In its final phase, we hope that any user who wants to will be able to run a “watcher” as part of their own wallet, and so the server costs will become effectively none, while the benefits are fully mutually beneficial among those participating.
In Historical Context
At MetaMask, this is a very special day for us. At our first ever team retreat, a number of our team members (including Aaron Davis, Herman Junge, and Dmitry Ryajov) had a vision and kicked off a very similar project we called Mustekala. That work eventually stopped for various reasons, but we’ve long known that letting users cache state for the contracts they care about is a missing ingredient in allowing smart contracts to more fully decentralize.
In my office, I still have the original notepad sheet that the Mustekala team filled out when first forming the concept. It was a wonderful time, a great idea, and has remained out of reach until now.
At Laconic, Rick Dudley and his team have spent the last six years doing the hard work of building a special fork of Go-Ethereum (geth) that serves the Ethereum data in the IPLD format, which makes it cheap and efficient for clients to request proofs of blocks of storage, so they can peer gossip it, as well as the client side code that enables clients to gossip incomplete “slices” of the blockchain state, and exposes that state via a GraphQL API. It’s hard to overstate what an achievement this is for bringing down the computational cost of privacy, scalable data distribution, and also speed of data lookups for users who repeatedly use the same contracts but don’t necessarily run their own full node.
Get Started Today
If you want to try out MobyMask, you can head to mobymask.com. If you’d like to try out self-hosting an IPLD-gossiping fork of geth, you can get started using this guide from Laconic here.
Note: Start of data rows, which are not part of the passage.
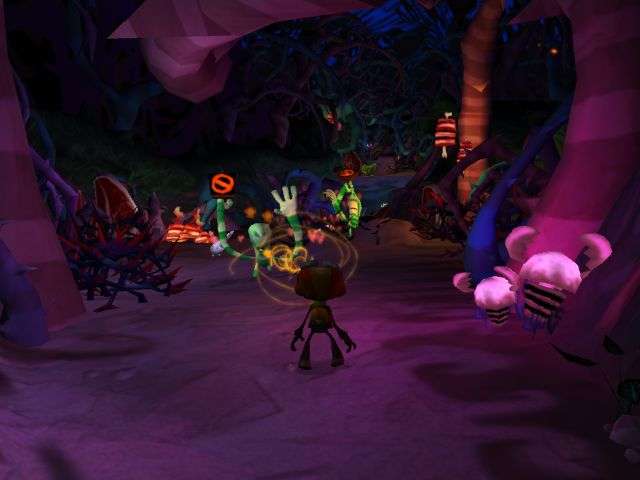 Psychonauts (PlayStation 2)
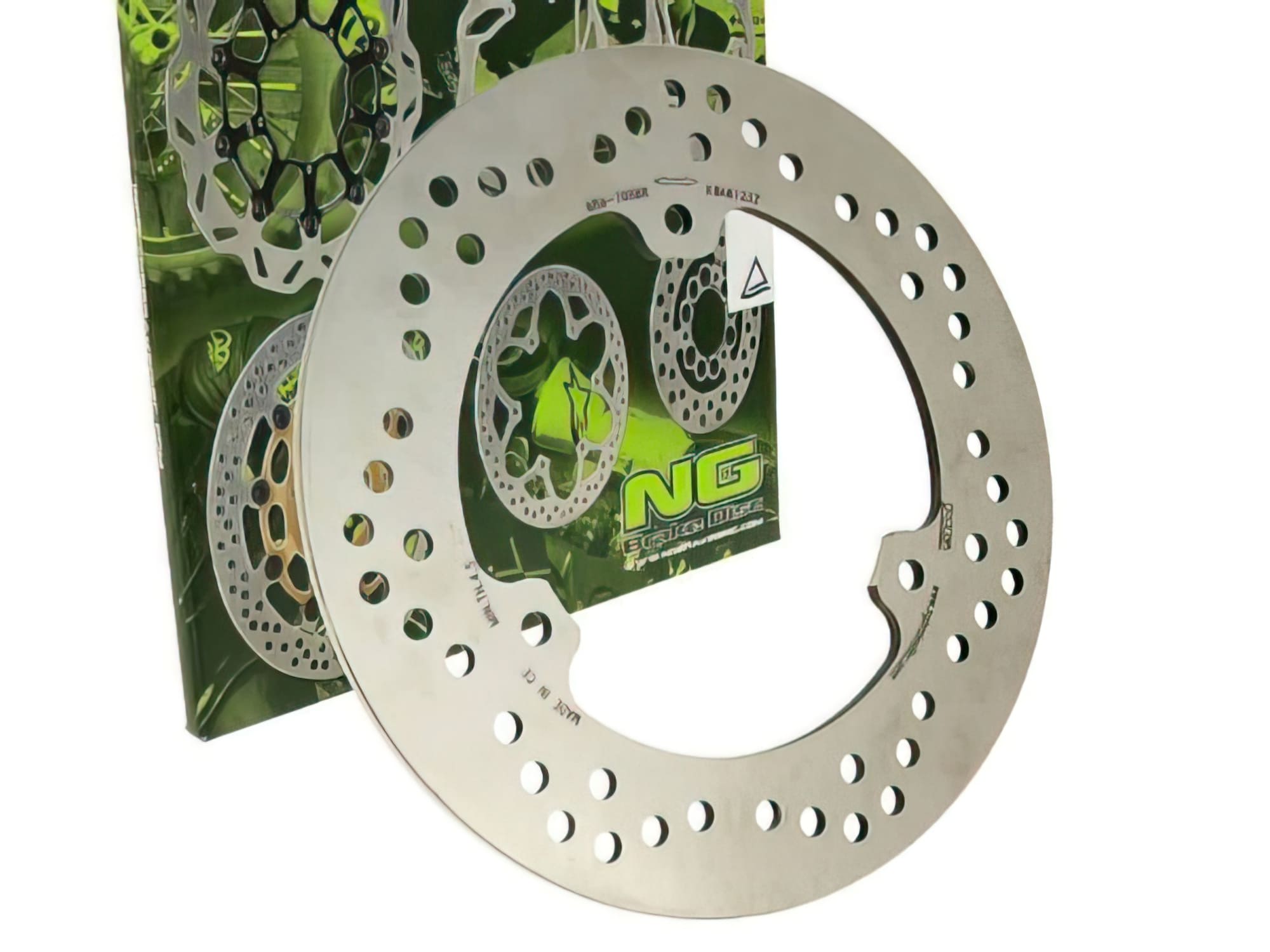 NG-350689 Disco Freno posteriore 230mm NG Brake Disc Yamaha Majesty 250cc '00-03, COD: NG-350689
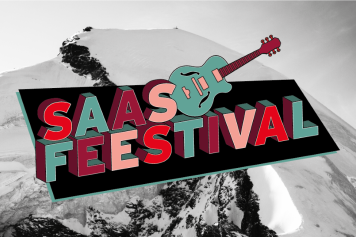 Erleben Sie vom 6. Juli bis 9. August 2024 im Saastal Open-Air-Konzerte mit freiem Eintritt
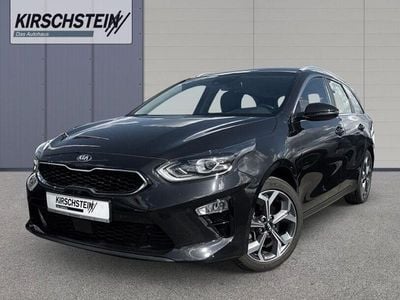 Second-hand Kia Ceed Sportswagon Spirit 160 CP (117 kW) 2021 Negru Break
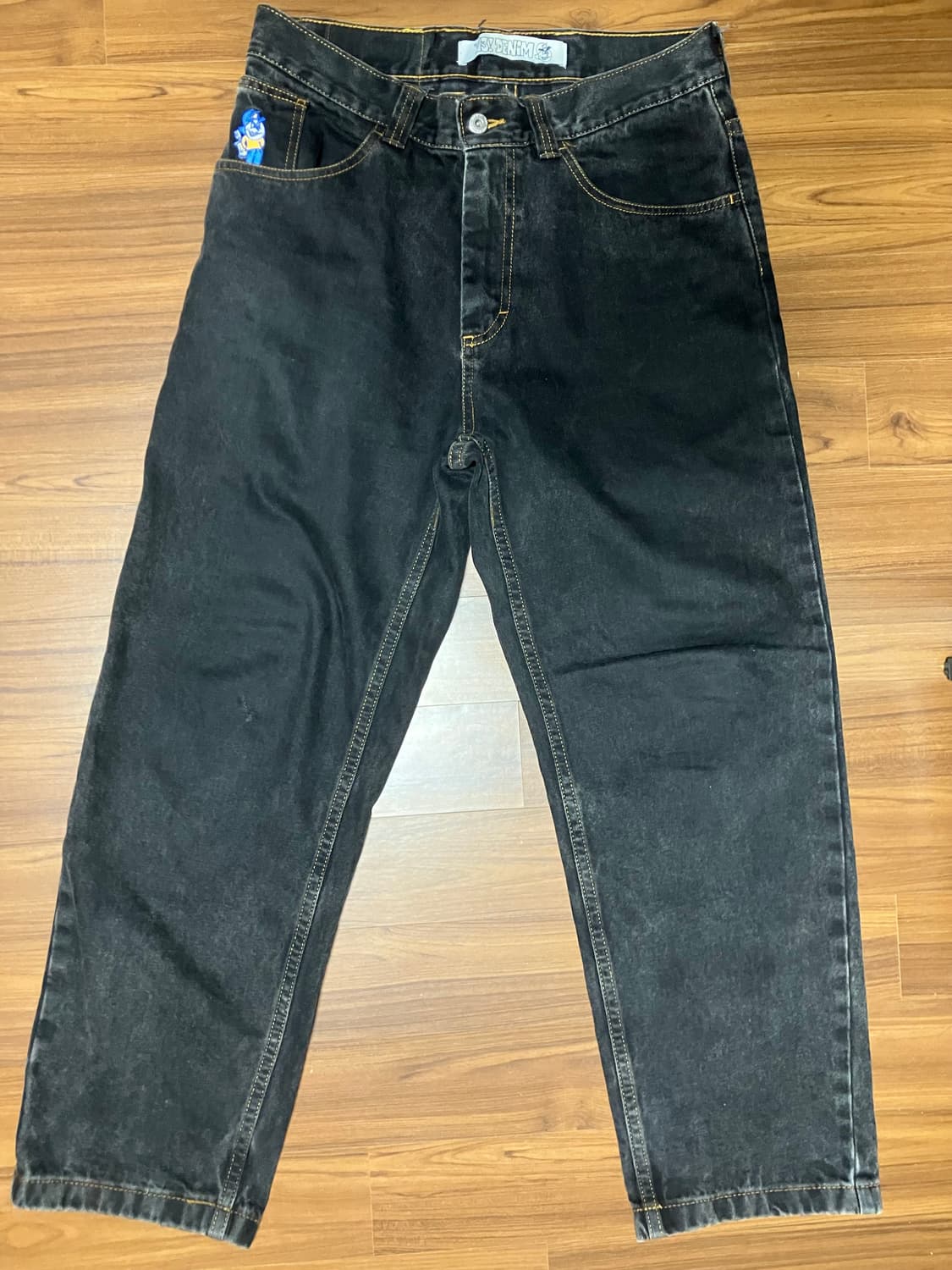 폴라스케이트 데님 93 판매합니다 상품이미지1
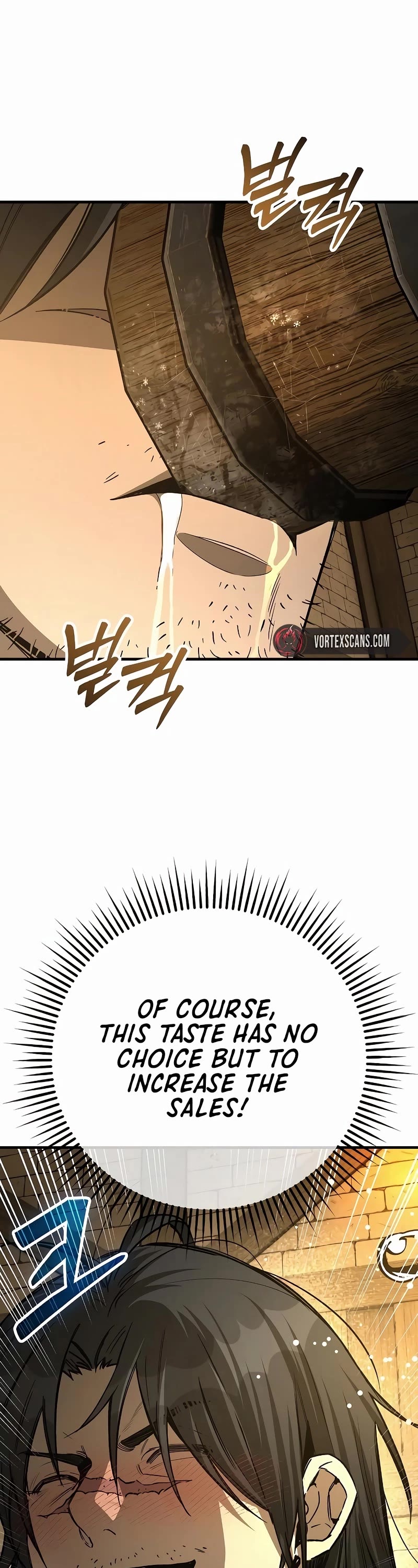 A Rogue Guard In A Medieval Fantasy chapter 18 page 36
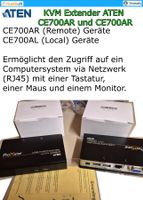 ATEN Proxime CE700AR USB KVM Remote Console Extender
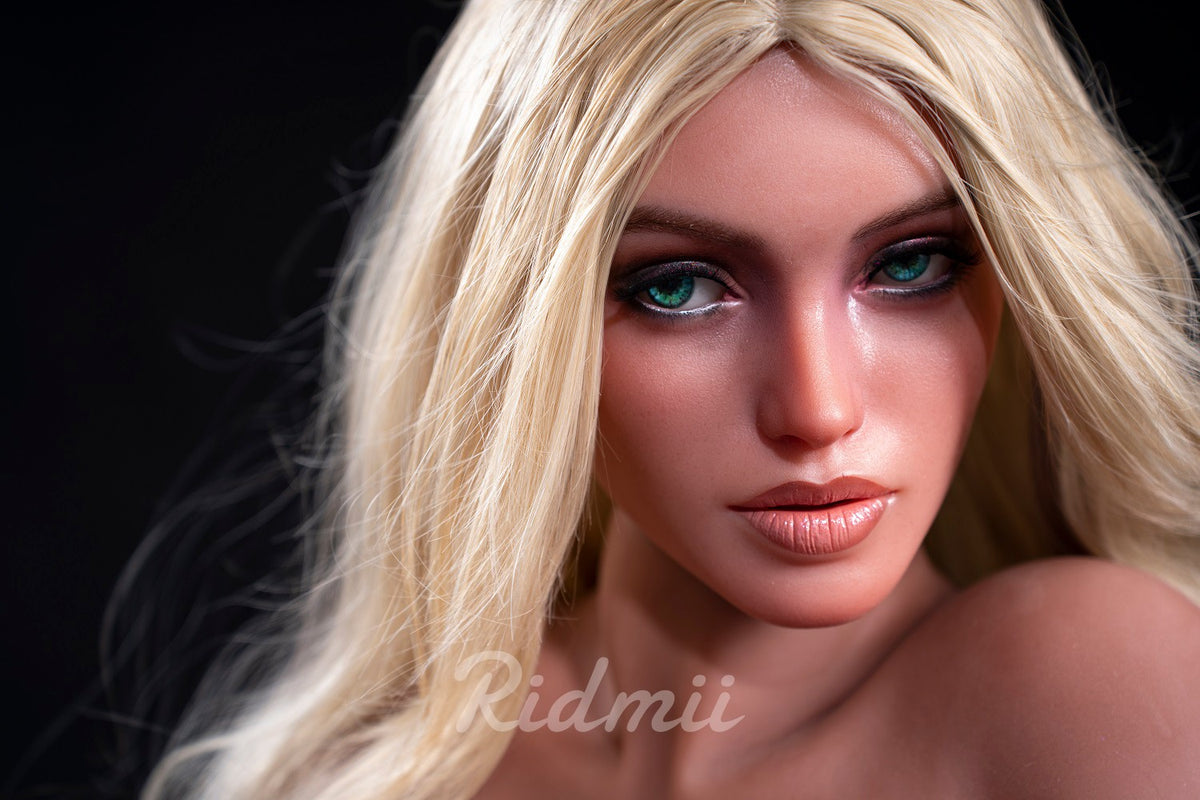 Kendra sexdukke (Ridmii Doll 165 cm C-cup TPE+silikone)
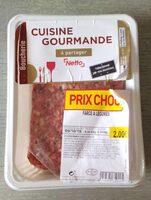Farce à légumes
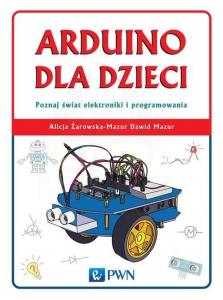 Książka - Arduino dla dzieci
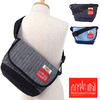 Manhattan Portage × BIG JOHN Casual Small Messenger Bag MP1605JRBJN画像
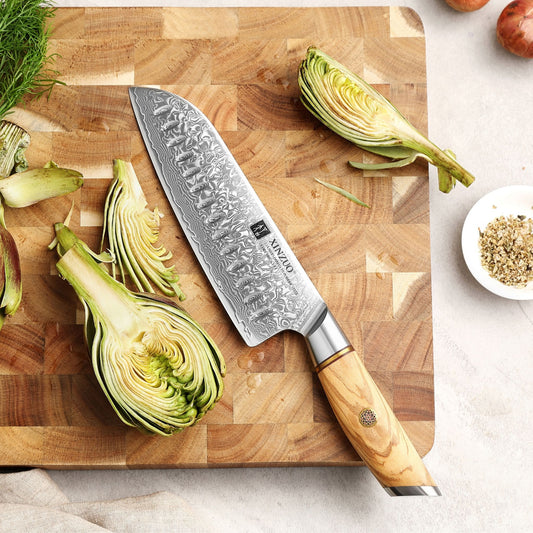 Lan Serie Santoku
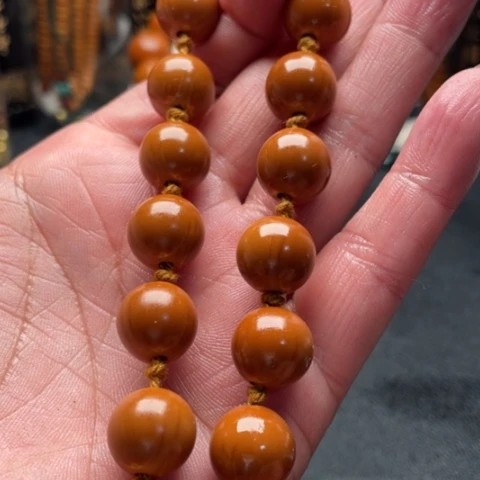 橄榄核手串/手链橄榄核1.3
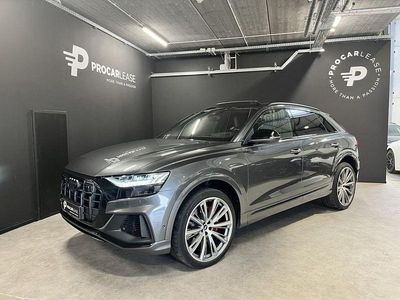 Brugt Audi SQ8 Sport 435 HK (319 kW) 2021 Grå SUV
If you’d like to build a browser-based application that draws from the Laconic MobyMask network, you can monitor progress on the mobymask-watcher here.
If you’re a developer who’d like to try setting up Laconic to help gossip and distribute access to another smart contract, you can follow the Laconic docs here.
If we’re going to build anything of value out of decentralized technology, we need to basically eliminate phishing from the equation. It’s going to take a lot of our creativity and ingenuity to put it all together, and we’re happy that Laconic and the Delegatable framework combine so well to create a highly scalable and privacy-preserving application whose safety remains rooted on the blockchain.